■ WORK TASK
For this task, output exactly the lines of the material below starting at the line with "Jual Bantal Pijat" and ending at the line with "Analyzing The Association"; pictures are to be excluded.

■ RECORD EXCERPTS
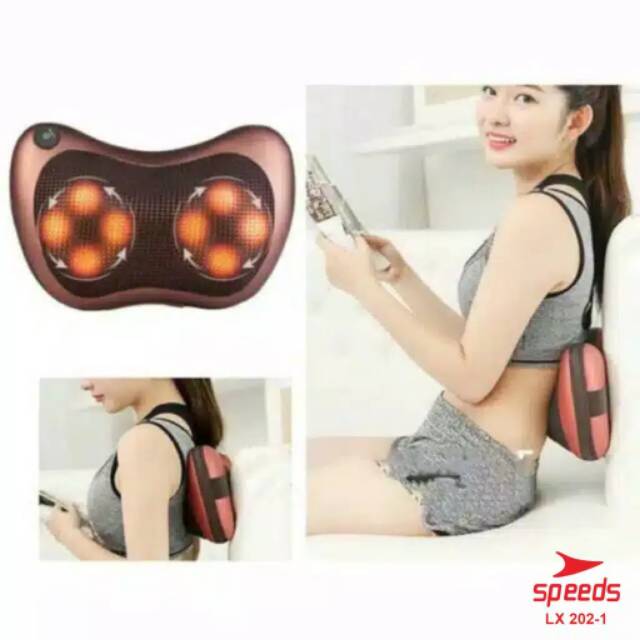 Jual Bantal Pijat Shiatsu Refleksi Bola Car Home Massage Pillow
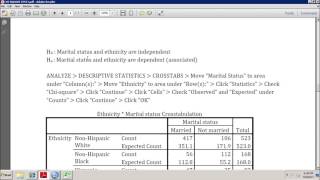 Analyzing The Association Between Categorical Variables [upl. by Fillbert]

---

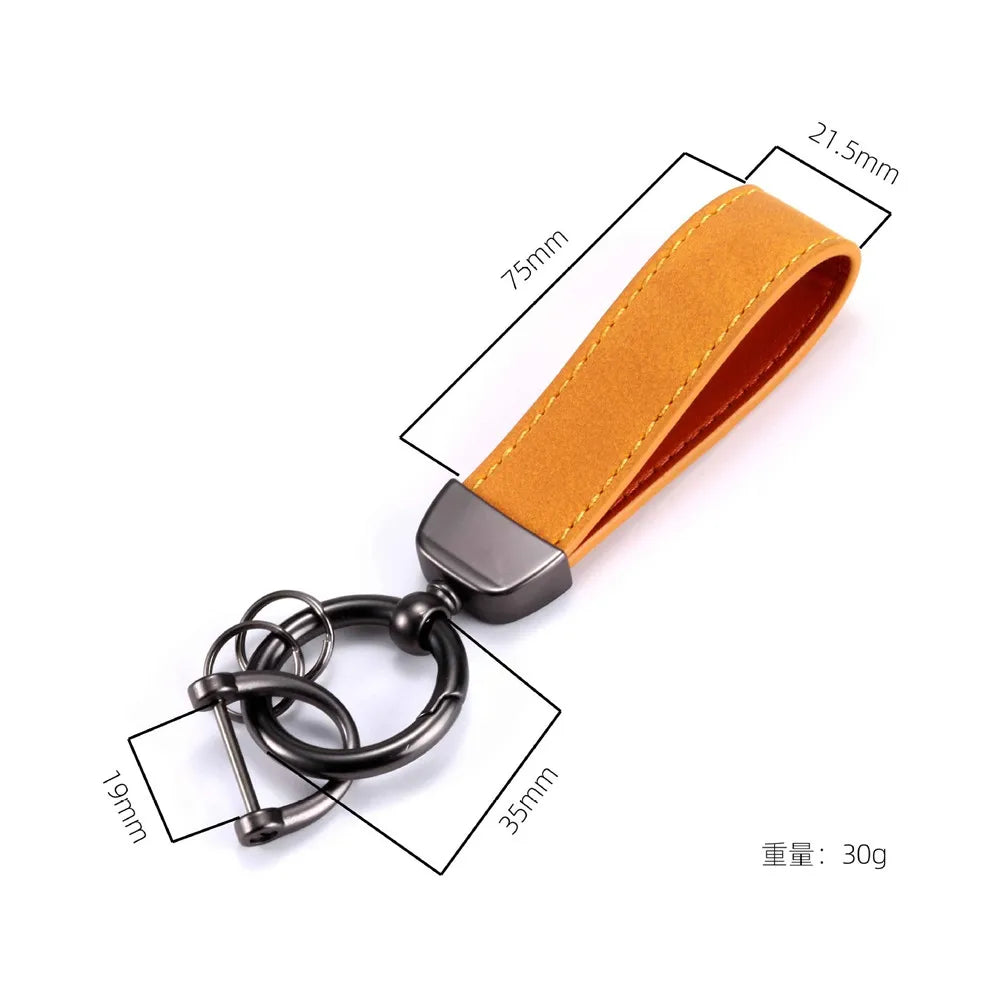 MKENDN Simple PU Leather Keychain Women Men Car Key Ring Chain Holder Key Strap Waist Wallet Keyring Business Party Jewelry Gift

■ REPLY
 Jual Bantal Pijat Shiatsu Refleksi Bola Car Home Massage Pillow
 Analyzing The Association Between Categorical Variables [upl. by Fillbert]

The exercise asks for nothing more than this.